When your impossible constructs fall apart, built painstakingly from many pieces gathered over your lifetime, you're stuck. You don't know where you're going, but you can't start over completely, and you can't go back the way you came. You're left surrounded by those who don't know and don't want to know. That was the case before, but the arcane nature of it made it all seem special. It's not that special any more. You still have what you know, but you're stuck in Hooterville with Mr. Haney and Eb. Or are you?

You try to think it through in this setting, but it seems to mean everything and nothing all at once, it balances out to zero.

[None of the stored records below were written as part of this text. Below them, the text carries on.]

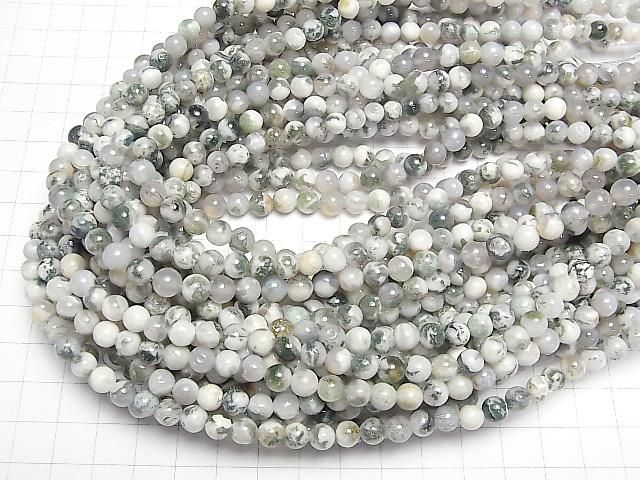 Tree Agate Round 6mm 1strand beads (aprx.15inch/38cm)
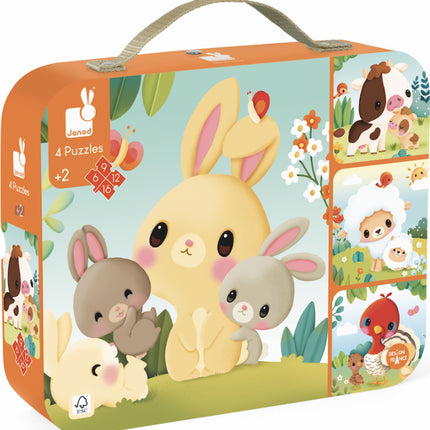 Farm 4 Progressive Animal Suitcase Puzzles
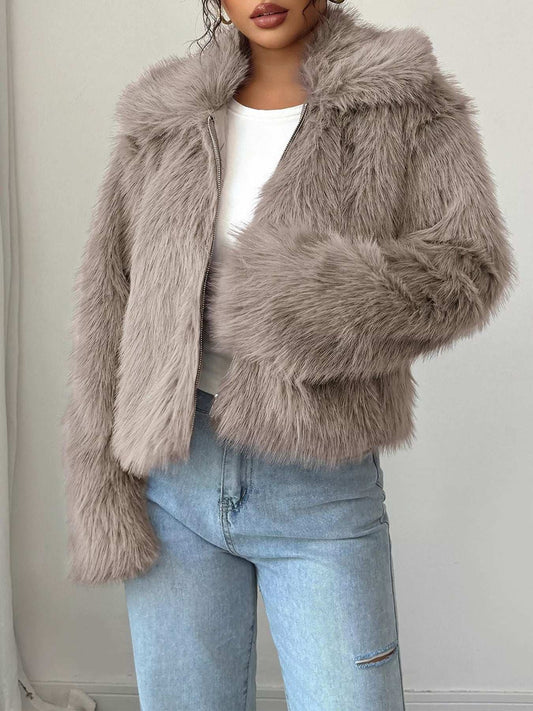 Fuzzy Zip Up Cropped Outerwear - Trendsi - Flyclothing LLC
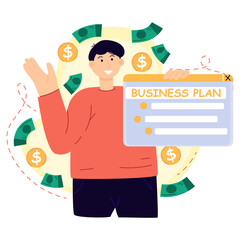 Business. Young businessman. Concept design. Icon. A man is engaged in a business idea. Plan. Money.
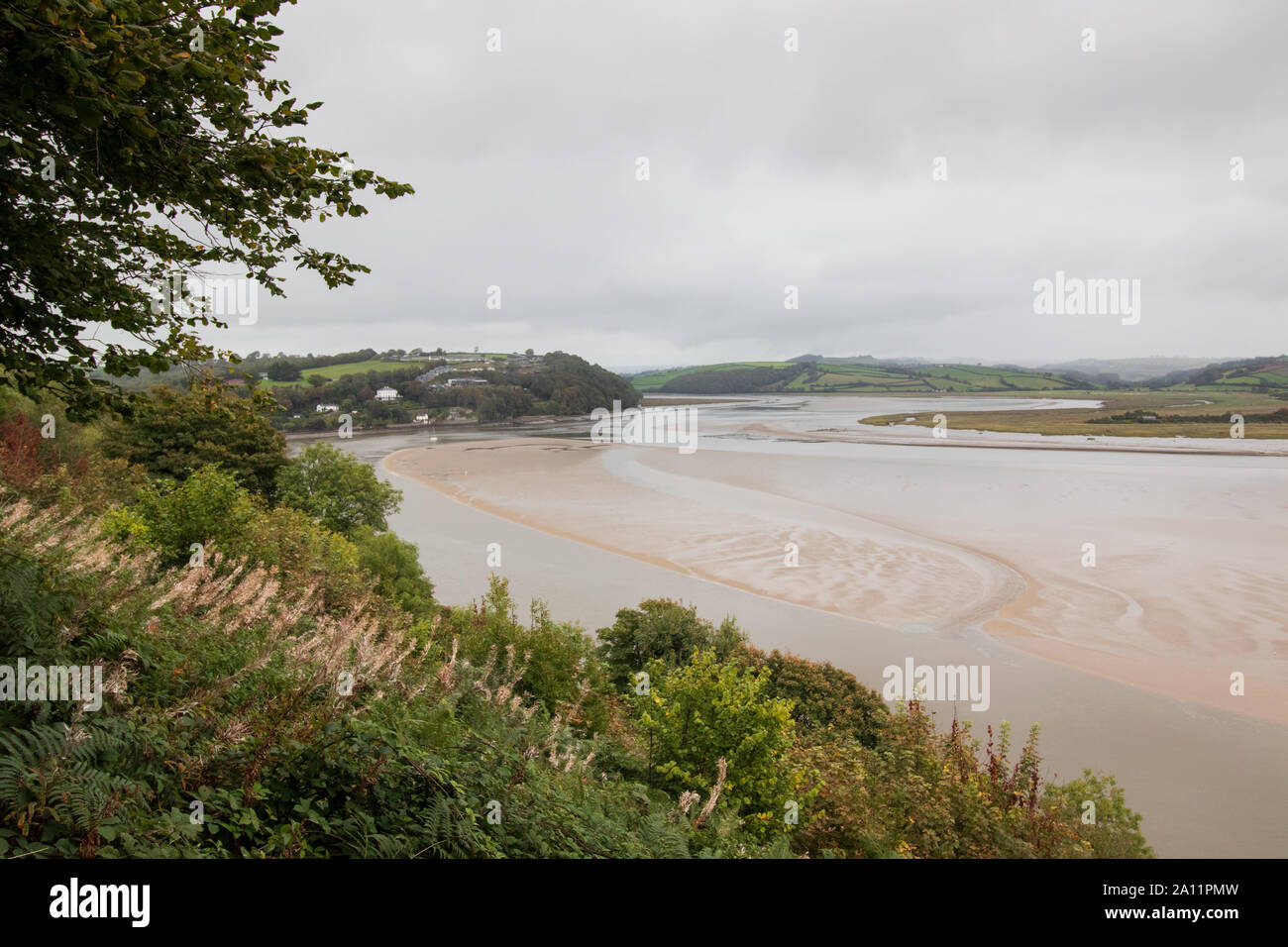 Die Mündung des Laugharne, wo Dylan Thomas schrieb Gedichte insbesondere 'Gedicht im Oktober", die er auf seinem 30. Geburtstag schrieb. Stockfoto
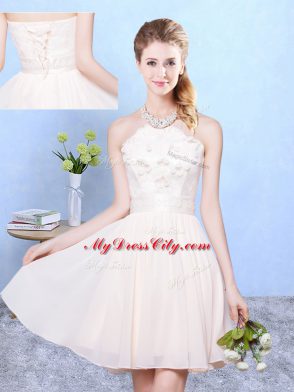 Romantic Baby Pink Court Dresses for Sweet 16 Wedding Party with Lace Halter Top Sleeveless Lace Up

And now the music goes to the strange and the confused. Time to think through this and take stock and make sense enough to act.

How the hell do I get out of here? I asks meself.

Try simple answers, I sez.

Simple? I don't know nothin' 'bout simple. I'm a complex sensitive artist type.

Maybe, I sez. But you didn't know nothin' about that other stuff before you started either. You're stuck here and you've got to try something or stay here, which to you is nowhere. I know us, and we can't do it. So what are we gonna do?

OK, I sez, though I don't know nothin' about 'em it's time to learn. I can't do complexity no more, mine's broken and I can't ride it anymore anyway. I could just walk away from all this, but who am I kidding, no I can't. Simple answers it is.

And the song portion resumes, this time embellished. Also, one line is changed, or augmented, from the first time through. It had said, "Watch as all points cancel all other points", which is nihilism talking- nothing means anything. But the second time around, the voice on the other side of the speakers says "Watch as each point cancels its opposite point"- not ready to give up nihilism yet, and this point isn't much better- but it's a start.

"Laugh Gently"

Late afternoon through closing: bar hours.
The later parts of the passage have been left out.